The Wayback Machine is cool, not just because you can go back and see what Ars looked like in May 1999, but because its 1+ petabyte archive contains a treasure trove of data for researchers. Last year, the Internet Archive, which runs the Wayback Machine, was sued by Healthcare Advocates after the attorneys for another company used the Wayback Machine to access information that might be helpful in an ongoing legal action.
Healthcare Advocates and the Internet Archive have finally resolved their differences, reaching an undisclosed out-of-court settlement. In some ways, that's disappointing news for onlookers who were hoping to see how a court would sift through the complex issues facing Internet archives, caching systems, and more. More on that later.
Here's the backstory. Healthcare Advocates found itself embroiled in a trademark dispute with Philadelphia-based Health Advocate. The latter company was represented by Harding Earley Follmer & Frailey, which used the Wayback Machine to access Healthcare Advocates web pages dating back to 1999 in an attempt to find information that would bolster their client's case. Healthcare Advocates then sued both Harding Earley and the Internet Archive, alleging among other things, violations of the DMCA.
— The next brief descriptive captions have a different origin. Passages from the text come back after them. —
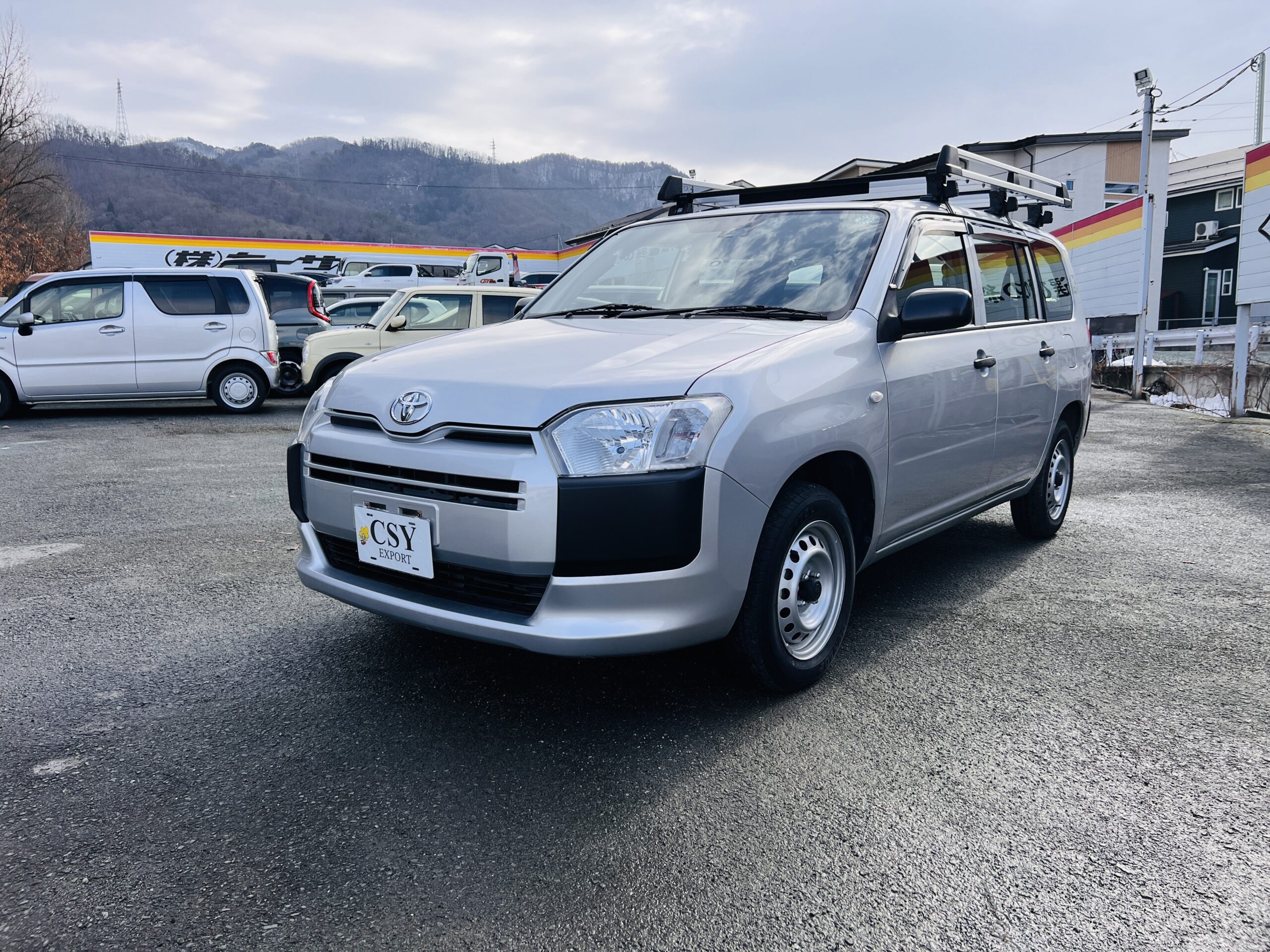 2019 TOYOTA PROBOX DX COMFORT 4WD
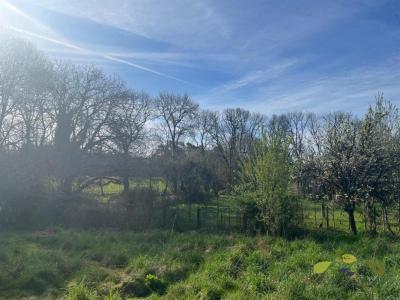 Acheter Maison Saint-augustin Correze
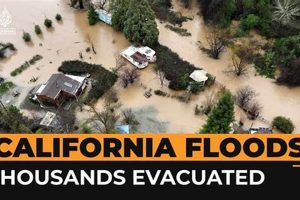 California Natural Disasters: A Guide | Disaster Information Hub – Latest Natural Disaster News & Emergency Resources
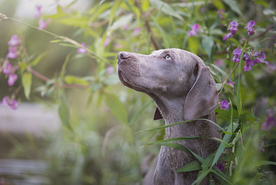 动物 宠物 狗 猫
Operated by the Internet Archive, the Wayback Machine dates back to 1996 and archives web sites using Alexa's crawler. Like many other crawlers, Alexa respects the Robot Exclusion Standards (RES), a voluntary protocol designed to prevent robot crawlers from accessing part of a website. In this case, the lawsuit between the two Advocate companies was filed on June 26, 2003. On July 8, 2003, Healthcare Advocates added a robots.txt file to its site to invoke the RES so that crawlers would stop spidering it.